The work and family services area, established in 1990, has three main spheres of influence:
- Family care assistance
- Counseling and education
- Alternative work arrangements.
For the family-care assistance arena, the emphasis is on assistance. This is no hearts-and-flowers program by any means. The company has definite business motives behind assisting families. So what the program does, and does well, is help employees make care arrangements they feel good about so they can come to work (physically) and stay at work (mentally).
For instance, Family Care Choices is a service designed solely to assist Hallmarkers in locating care for their children, family members with disabilities and aging parents.
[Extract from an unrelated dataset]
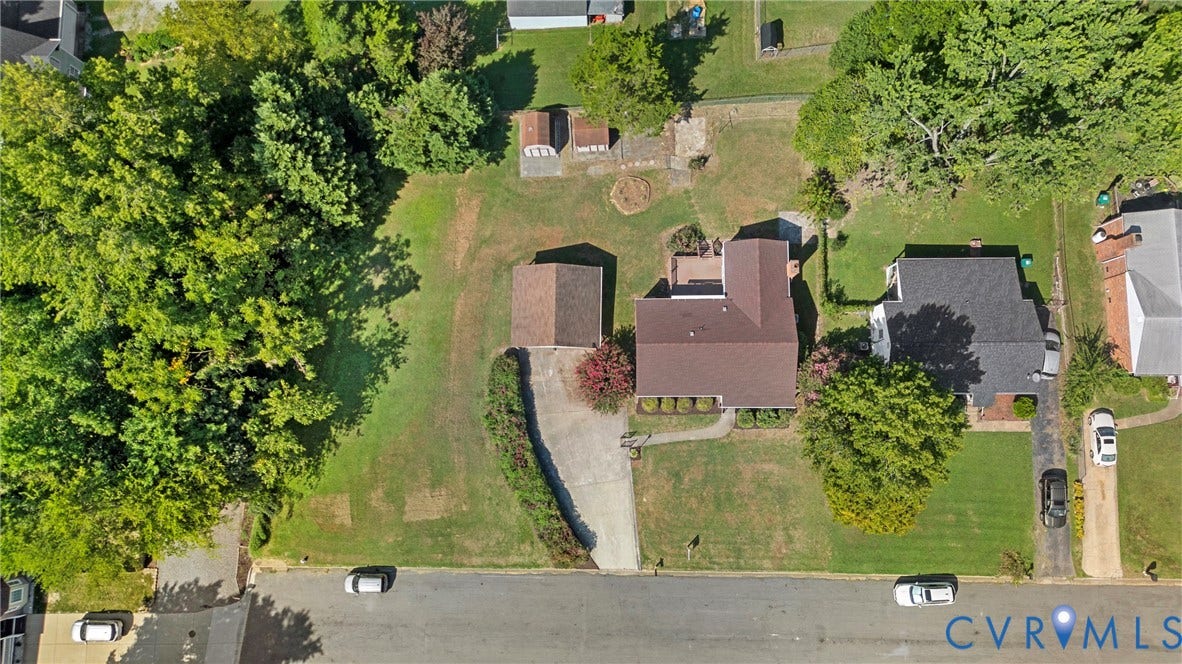 7402 Edgewood Avenue, Richmond, VA 23227 Expansive property featuring a paved driveway, detached garage, and mature trees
Zeorlin says that elder care is one of the fastest growing concerns among employees. To access Family Care Choices' free assistance, all an employee needs to do is pick up a phone. Run by Heart of America Family Services-a non-profit human services program-Family Care Choices assigns a family care specialist to everyone who calls, and that specialist remains the point person throughout the search. "We have some instances in which employees in our rural areas need care," says Zeorlin. "I know the specialists have gone as far as running newspaper ads to find [caregivers]."
But a care service won't cover all needs all the time. Maybe a school takes a snow day, and suddenly an employee's 6-year-old has nowhere to go. Or maybe a child gets ill, and his usual daycare can't take him. This is where Hallmark's emergency back-up care and sick-child care step up to bat. The back-up care program, Moment's Notice, is made possible through a partnership Hallmark struck up with a nearby day school. The school has agreed to keep spaces open for Hallmarkers' kids-all employees need do is call and reserve a spot (the school operates on a first-come, first-serve basis). Hallmark subsidizes a portion of the cost-up to half for children 4 years and younger.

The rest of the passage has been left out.